7) Os solos que constituem esta parcela são solos aluvionares com alguns afloramentos rochosos e declive médio e capacidade de uso C, com aproveitamento de CAR de 1 ª.
8) A área do prédio encontra-se afecta:
- horta de regadio: 1.088 m2
- leito de curso de água em 360 m2;
- construções rurais de apoio à actividade agrícola: 474 m2;
- acesso pavimentado em betonilha em 8 m2.
9) A parcela expropriada apresentava:
a) instalações agrícolas 1, com a área de cerca de 116 m2 com pavimento em betonilha
esquartelada e duas paredes de tijolo com 6 m e 18 m de comprimento e portão e pé direito de
cerca de 4,5 m, com cobertura em luzalite assente em ripado;
b) instalações agrícolas 2, com a área de cerca de 180 m2 com pavimento em betonilha
esquartelada e paredes de tijolo e alvenaria de pedra e pé direito médio de cerca de 3,60 m, com cobertura em luzalite assente em ripado.
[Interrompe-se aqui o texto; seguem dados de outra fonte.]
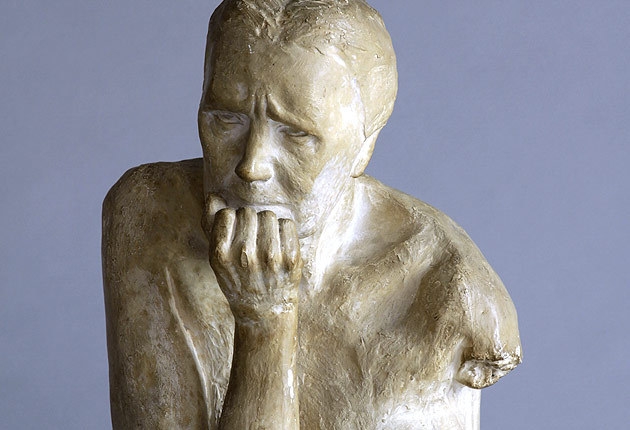 Figur, Gips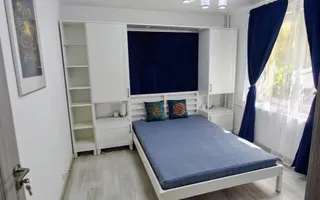 AP. 2 CAMERE- MOSILOR, BLOC REABILITAT, MASINA DE SPALAT VASE, MODERN - Poză 12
Inclui galinheiro de cerca de 80 m2;
c) instalações agrícolas 3, com a área de cerca de 170 m2 com pavimento em betonilha
esquartelada, manjedoura e pocilgas e pilares de betão e paredes de tijolo e alvenaria de pedra e pé-direito médio de cerca de 3,60 m, com cobertura em luzalite assente em ripado;
d) palheiro em cave (por baixo da habitação) com cerca de 38 m2;
i) árvores:
- citrinos: 4;
- nespereiras: 1 +5;
- prumóideas: 6;
- loureiro: 1
10) De acordo com o PDM do concelho de Silves, aprovado pela Resolução do Conselho de Ministros nº 161/95, de 28 de Setembro de 1995, publicado no Diário da República, I Série B, nº 279, de 4 de Dezembro de 1995, a parcela expropriada na Planta de Ordenamento está inserida em “Espaços Naturais” e na Planta de Condicionantes está integrada na REN e na RAN e o artigo urbano nº 289 está integrado em “Espaços Urbanos Povoamento Disperso”.
11) É autorizada a construção de 300 m2 de construções de apoio ao Agricultor, pavilhões, armazéns, etc.
12) As construções existentes na parcela expropriada apresentam fraca qualidade.
13) A parcela expropriada situa-se em frente da Estação de Caminhos de Ferro, tem bons acessos rodoviários, situando-se a cerca de 500 m do IC 1.
14) É visível nas paredes da habitação, a norte, marcas do nível de algumas cheias, com inundação da casa.
15) Uma vez demolidas todas as dependências agrícolas que circundam a casa, limpa e desmatada a terra, a casa de habitação ficará mais exposta às cheias, do que resultará com elevada probabilidade a derrocada da casa.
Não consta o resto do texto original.